● Task goal
In the listing below, find the line containing "Inspiration for a" and the line containing "Foto de Mujer", then copy exactly everything from the first through the second, except the pictures.
Start of Data shown
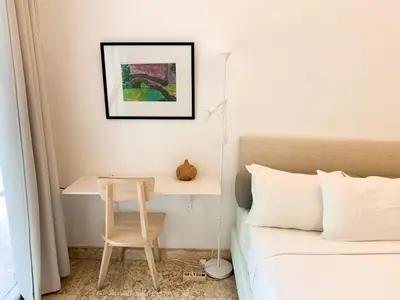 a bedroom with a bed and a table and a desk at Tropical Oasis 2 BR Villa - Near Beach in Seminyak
End of Data shown
Start of Data shown
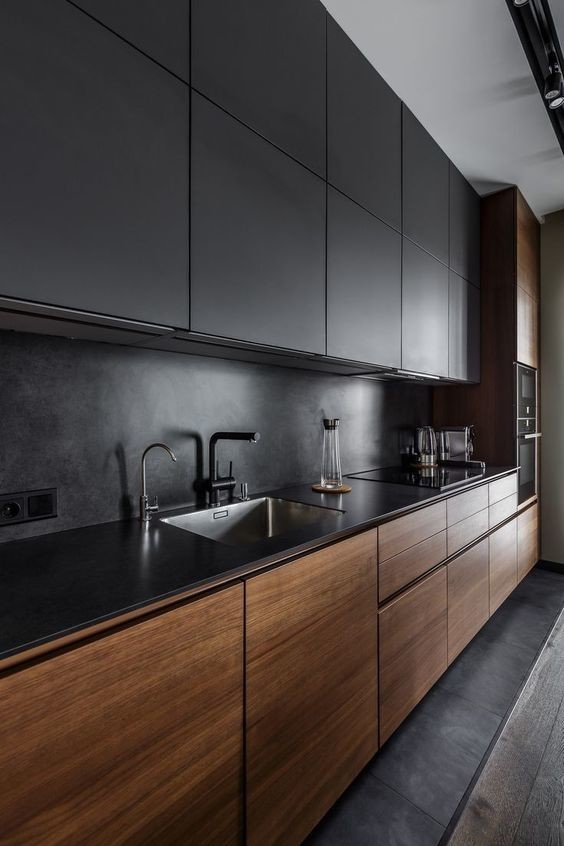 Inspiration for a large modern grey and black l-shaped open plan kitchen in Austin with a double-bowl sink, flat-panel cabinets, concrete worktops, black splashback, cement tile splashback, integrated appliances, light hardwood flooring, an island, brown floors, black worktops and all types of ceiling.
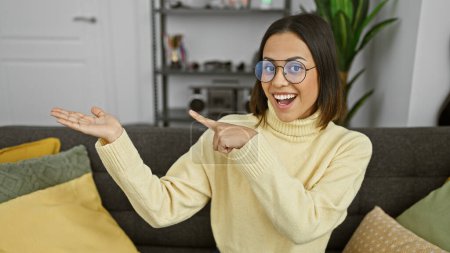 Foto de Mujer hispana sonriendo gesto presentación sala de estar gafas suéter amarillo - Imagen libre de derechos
End of Data shown
Start of Data shown
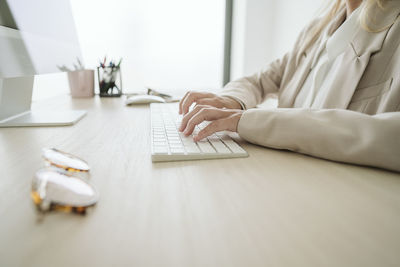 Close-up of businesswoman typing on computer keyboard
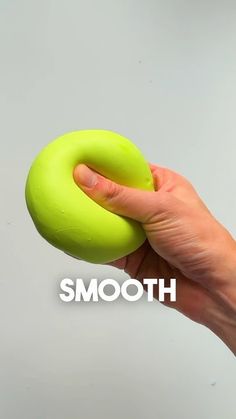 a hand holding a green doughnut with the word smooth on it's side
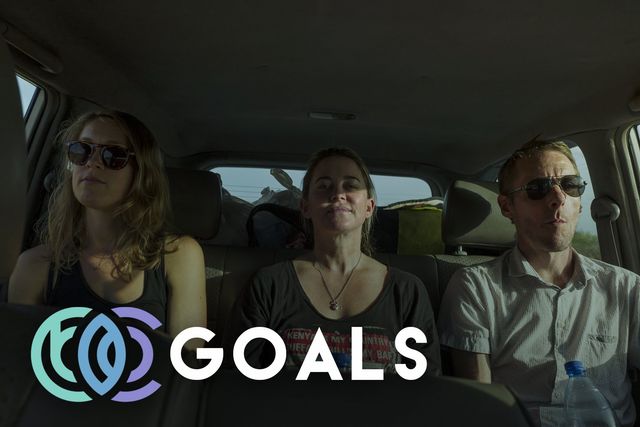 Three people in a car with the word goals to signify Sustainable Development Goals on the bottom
End of Data shown
● Written answer
 Inspiration for a large modern grey and black l-shaped open plan kitchen in Austin with a double-bowl sink, flat-panel cabinets, concrete worktops, black splashback, cement tile splashback, integrated appliances, light hardwood flooring, an island, brown floors, black worktops and all types of ceiling.
 Foto de Mujer hispana sonriendo gesto presentación sala de estar gafas suéter amarillo - Imagen libre de derechos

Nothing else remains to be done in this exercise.